Recently, one cultural facility operator in Durham was overhead saying that they didn’t get many visitors. When asked about their audience make-up, the response was, “They are mostly from Durham and the surrounding area.”
This facility must have forgotten that anyone living outside Durham is a visitor, whether here overnight or just for a day trip, regardless of how that facility thinks of them.
Otherwise, the comment would certainly be news to Durham elected officials who provide operating subsides to arts groups and facilities based in large part on analysis of attendees who are visitors.
That’s because true economic value-added, including tax revenue generated, can only be gained through visitors. Residents are assumed by economic models to be spending discretionary income elsewhere if not at the event or facility in question.
Long gone are the days when metric technology forced communities to use “distance” to distinguish residents and non-residents commuting to work or school from visitors. Durham adopted contemporary metrics nearly two decades ago but some communities haven’t, perhaps contaminating this operators view.
Still, because without Durham’s “non-profit” arts and culture offerings, 37.4% of residents would travel out of town for those experiences, economists are studying “retained tourism.”
Also, without these events and facilities, Durham’s community marketing would not be enabled to draw the 59% of those who visit for the purpose of attending while community marketing to encourage circulation by visitors on trips for other purposes harvests the remainder.

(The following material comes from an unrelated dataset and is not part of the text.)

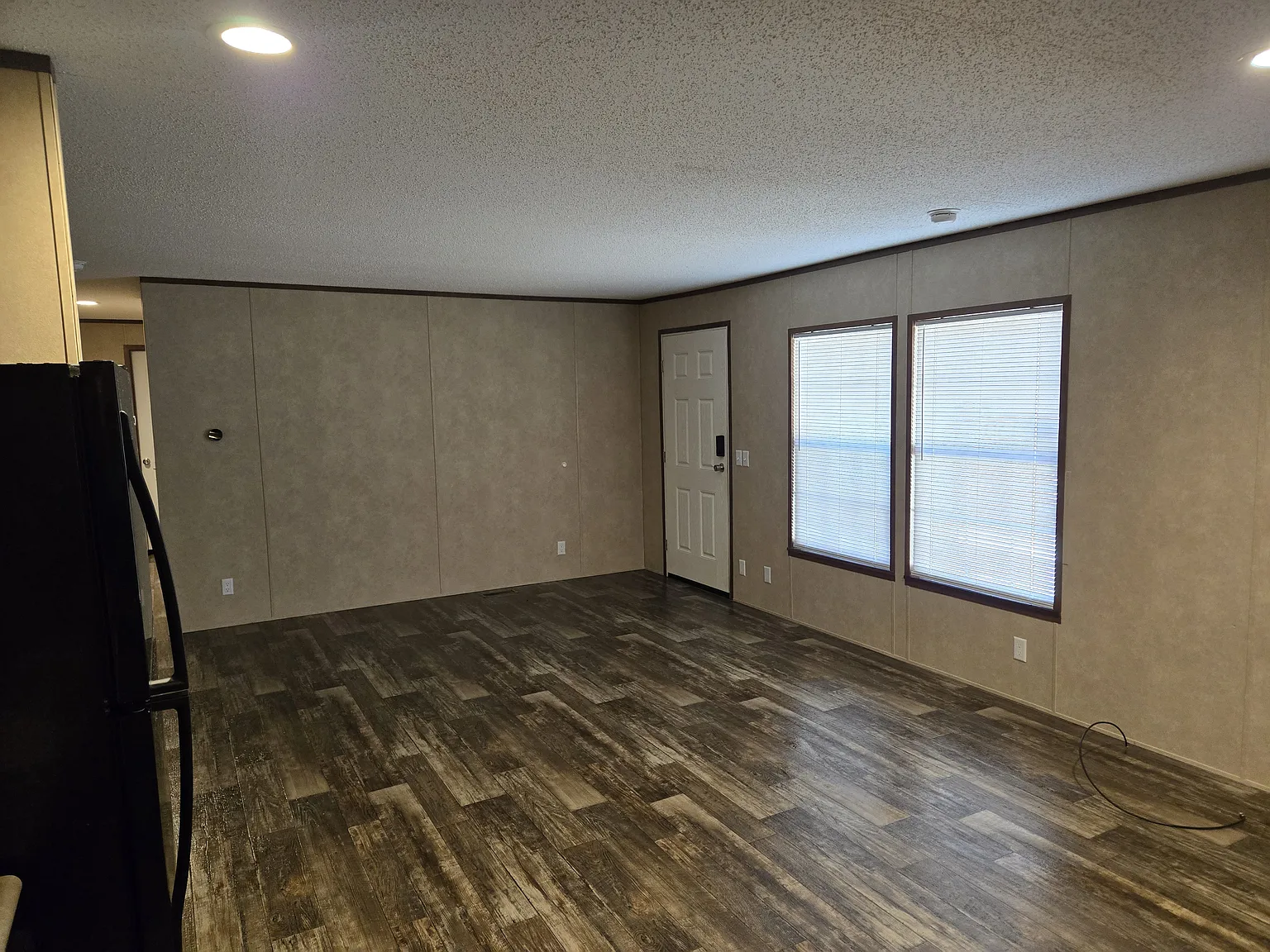 3 bed, 960 sqft, $1,085 — Photo 4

Retaining and growing a community’s distinctive cultural infrastructure and vitality cannot be taken for granted. It can be easily cannibalized by creation of too many events or starved for volunteers and underwriting, especially when local corporate benefactors become distracted by the personal decisions of employees and executives who live elsewhere.
According to participation by the Durham Arts Council using data compilation from Durham’s community marketing organization, in a WESTAF-trademarked Creative Vitality Index, the community ranks much higher than the national average.
It also ranks much higher than North Carolina overall and higher than a comp set of other participants including Augusta, Baton Rouge, Greensboro, Little Rock, Montgomery, Norfolk, Raleigh, Richmond, Shreveport and Winston-Salem.
Still, there was a drop-off from the previous year. Durham can’t afford to be complacent or fail to aggressively nurture, protect and retain its organic blend of presenters, events, facilities and related-small independent retailers. Out-of-town developers have shown impatience, wanting to substitute more generic forms.
Others keep fueling more and more events without any understanding of supply and demand or how fragile a “non-profit” arts and cultural community is. Some who should be sensitive to the risks are instead undermining Durham’s cultural vitality by unwittingly facilitating churn rather than retention.
Cultivating a community’s distinctiveness and organic appeal takes decades if not centuries. Destroying it takes only a few careless decisions or the hubris to believe a sense-of-place is invincible.
While celebrated today, Durham’s failure to be consistently strategic and protective of its place-based assets is silently taking a toll. Events are downsizing or disappearing, facilities are struggling, artifacts and heritage are at risk and whole categories of creative businesses are silently evaporating.
All of the marketing and “brick and mortar” development in the world cannot save or resurrect a community’s soul once it has been surrendered.
Even “all of the King’s horses and all the King’s men” won’t be able to put it back together again.